Sejamos francos e sem rodeios. No Brasil (não vou nem falar neste momento do que extrapola as fronteiras do nosso território nacional!) não é fácil ser mulher e a coisa complica muito se ela é negra. Para quem gosta (e precisa) do apoio das estatísticas está tudo comprovado em números, em gráficos, em mapas de norte a sul, dos institutos mais renomados aos trabalhos acadêmicos de graduação mais recentes. No entanto, para nós que vivemos literalmente na pele esta realidade desde que a primeira africana pisou o solo brasileiro, os pesquisadores poderiam ter economizado na busca o latim rebuscado e as contas complexas. Nós sempre soubemos.



Muita gente conseguiu escapar do manto da invisibilidade que as "histórias oficiais" sempre tentaram e todavia tentam nos jogar em cima para resistir bravamente com luta, arte, fé e atitude. Esse desconhecimento em tempos de tanta facilidade de acesso a informação é assustador. Temos uma pálida e distorcida ideia do nosso passado e desta forma, muita dificuldade para construir o nosso futuro.

Me incomoda deveras que minha filha e meu filho cresçam achando que a liberdade de que gozam hoje não foi conquistada por gente que arriscou o pescoço e sim concedida tenha sido lá com que interesse fosse. Me incomoda que não nos reconheçam como atores principais dos nossos avanços e limitem nossas crianças a história tão tímida (e vez por outra mentirosa) que é apresentada sobre elas mesmas nas escolas. Desta forma, tento aqui modestamente fazer a minha parte.

O Flor da Cor quer apenas ser mais um espaço a contar um pouquinho sobre essas moças, senhoras, idosas, adolescentes, algumas praticamente crianças, que ousaram e ousam sair do lugar subalterno a que uma parcela muito significativa da sociedade acreditava e ainda crê que devemos ocupar, como coadjuvantes das nossas próprias vidas. São mulheres do passado e do presente que formam um jardim, um imenso jardim de flores da cor!
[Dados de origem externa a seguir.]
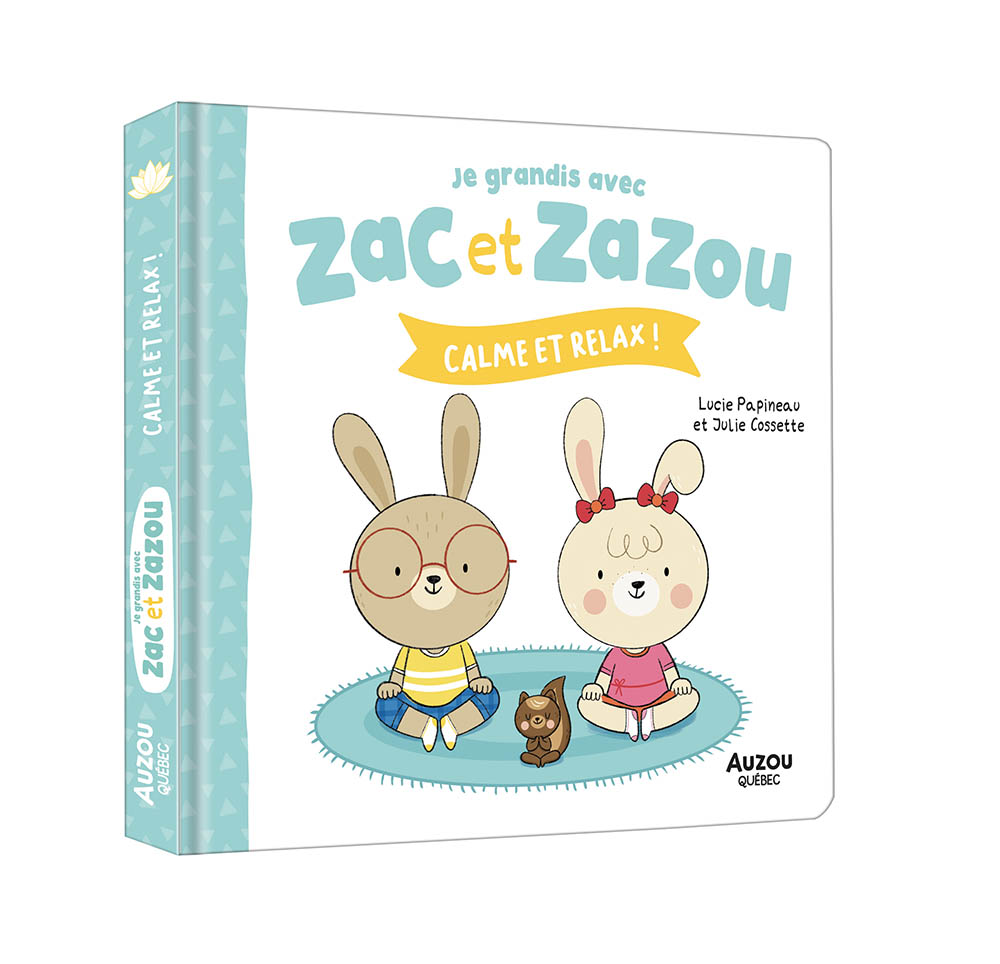 Je Grandis Avec Zac Et Zazou : Calme Et Relax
Em tempo! Quem quiser mergulhar nas estatísticas, clique aqui e veja algumas bem ilustrativas do boletim de fevereiro do Laboratório de Análises Econômicas, Históricas, Estatísticas e Sociais das Relações Raciais do Instituto de Economia da Universidade Federal do Rio de Janeiro (LAESER), coordenada pelo economista Marcelo Paixão. As mulheres ganham até 60% a menos que os homens nas regiões metropolitanas do país, mas a mulheres negras seguem na base da pirâmide social ganhando menos ainda em qualquer função.